Javed Iqbal is a retired Pakistani general who served as Director General Military Operations, Adjutant-General at the General Headquarters, and commander of XXXI Corps in Bahawalpur. In May 2019, he was convicted by a Field General Court Martial on charges described by the military as “espionage/leakage of sensitive information to foreign agencies prejudicial to the national security” and was sentenced to 14 years' rigorous imprisonment. His sentence was later reduced, and he was released from prison in December 2022 while continuing to challenge the conviction in court.

==Military career==
Iqbal served as Director General Military Operations until April 2011. On 15 April 2011, he was promoted to the rank of lieutenant general and assigned to take over as Adjutant-General at the GHQ after the retirement of Nadeem Taj on 29 April.

On 23 December 2013, he was appointed as commander of XXXI Corps in Bahawalpur. He remained in that post until April 2015, when Javed Iqbal Ramday was appointed to replace him upon his retirement.
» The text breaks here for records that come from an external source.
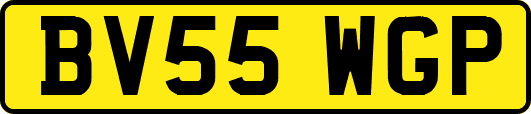 BV55WGP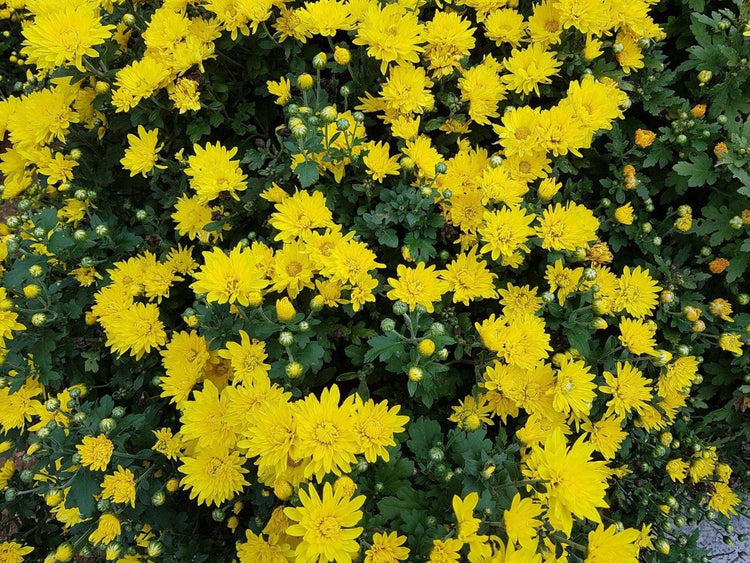 Chrysanthemum - UrbanMali Network
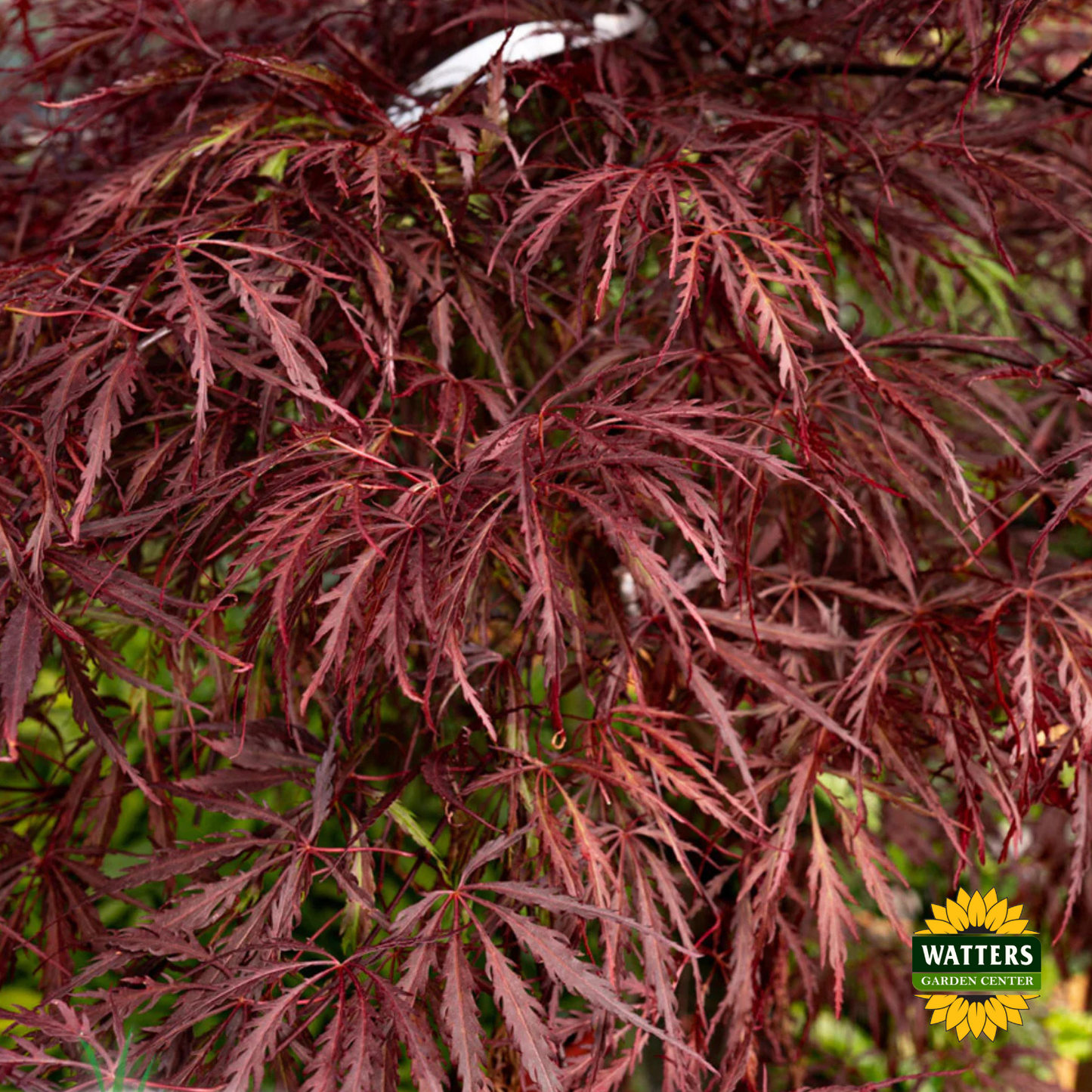 Tamukeyama Japanese Maple (ACER P.D. TAMUKEYAMA) - 3 gallon 15"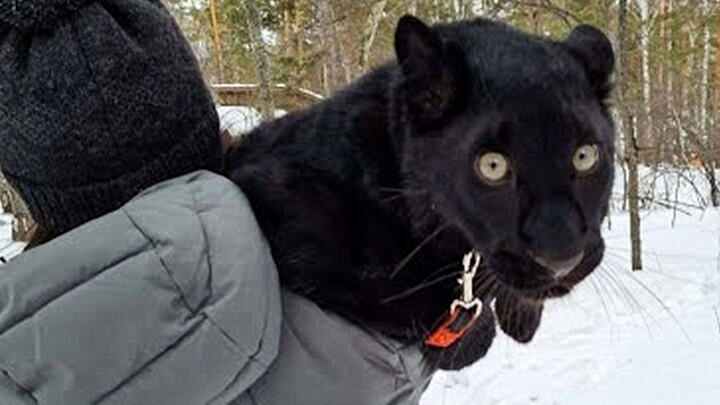 What should we do if Black Panther gets so carried away playing that he doesn't want to go home?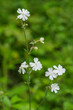 Blütenpflanze, Weiße Lichtnelke, Silene latifolia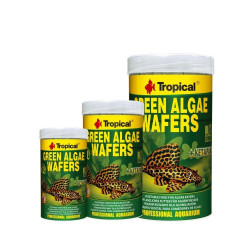 Tropical TRO66423
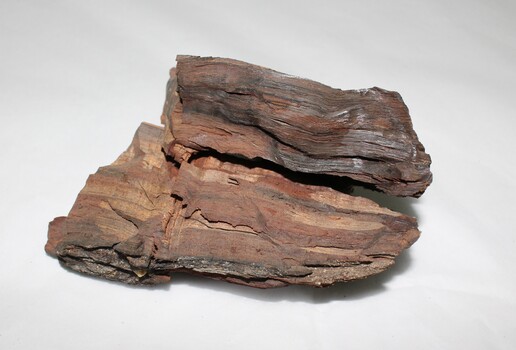 A wood geological specimen
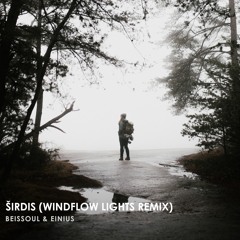 Beissoul & Einius - Širdis (Windflow Lights Unofficial Remix)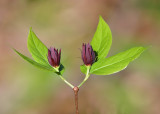 Sweet Spice or Sweet Shrub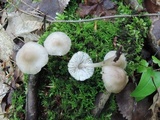 Mycena galericulata image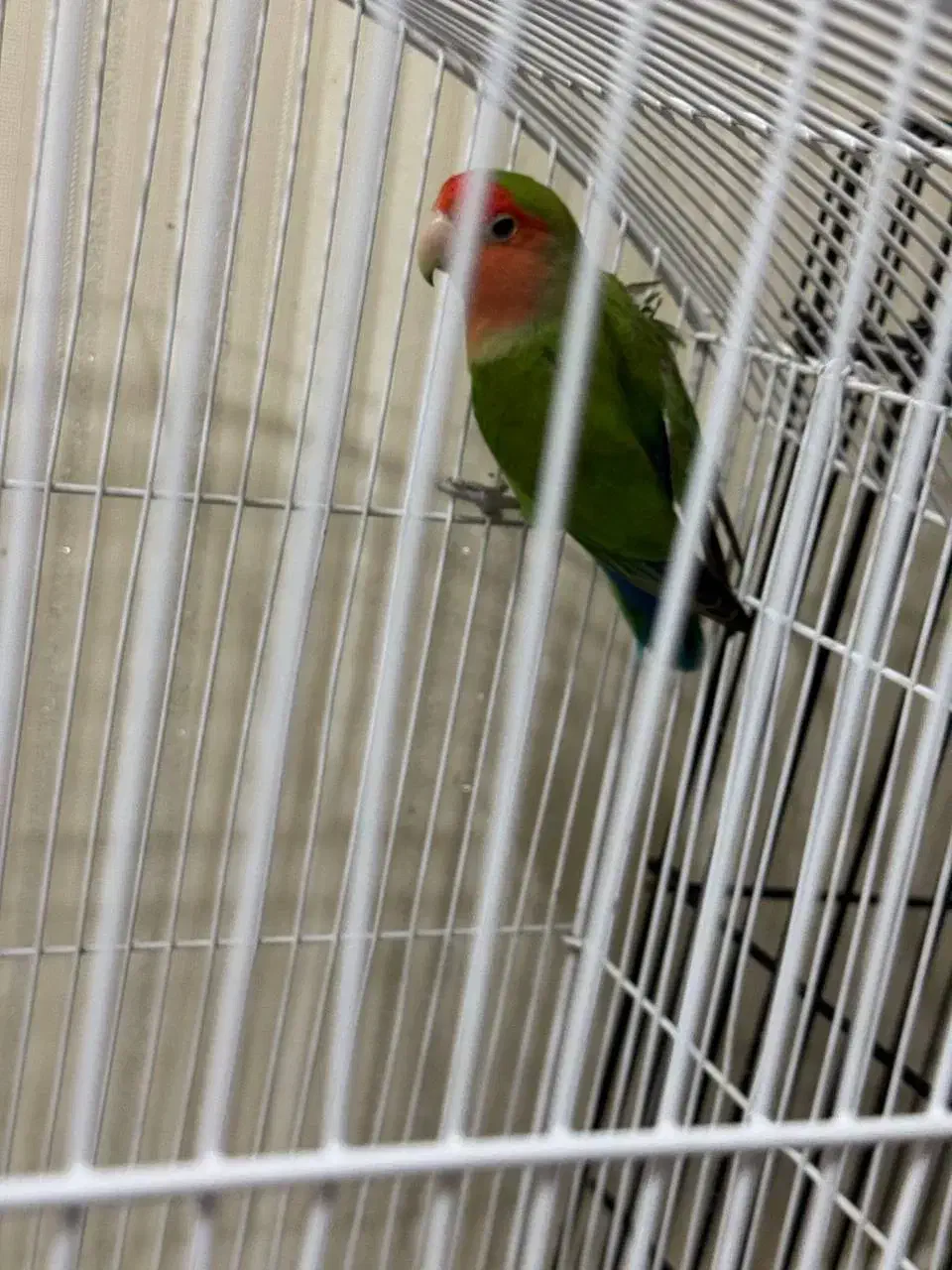 یک جفت طوطی برزیلی|پرنده|چهاردانگه (تهران), |دیوار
He was one of the few three-star generals to have held the key appointments of director-general of military operations, adjutant-general and corps commander. He had also led the military's internal probe into the 2011 Abbottabad raid in which Osama bin Laden was killed.

==Court martial==
In February 2019, Inter-Services Public Relations confirmed that two senior retired military officers had been taken into custody on charges of espionage and were facing court martial. On 30 May 2019, the military announced that Chief of Army Staff Qamar Javed Bajwa had endorsed the punishment awarded by separate Field General Courts Martial to three convicts, including Javed Iqbal, who was sentenced to 14 years' rigorous imprisonment.

In January 2022, defence authorities told the Lahore High Court Rawalpindi bench that he had been indicted on six charges for espionage under the Pakistan Army Act and that his sentence had been reduced by seven years by the Army Court of Appeals in May 2021.

In January 2023, he released from Rawalpindi's Adiala Jail on 29 December 2022 after the military leadership reviewed his case and completed the remainder of his sentence. He still continued to pursue an appeal in the Lahore High Court seeking to have his conviction set aside.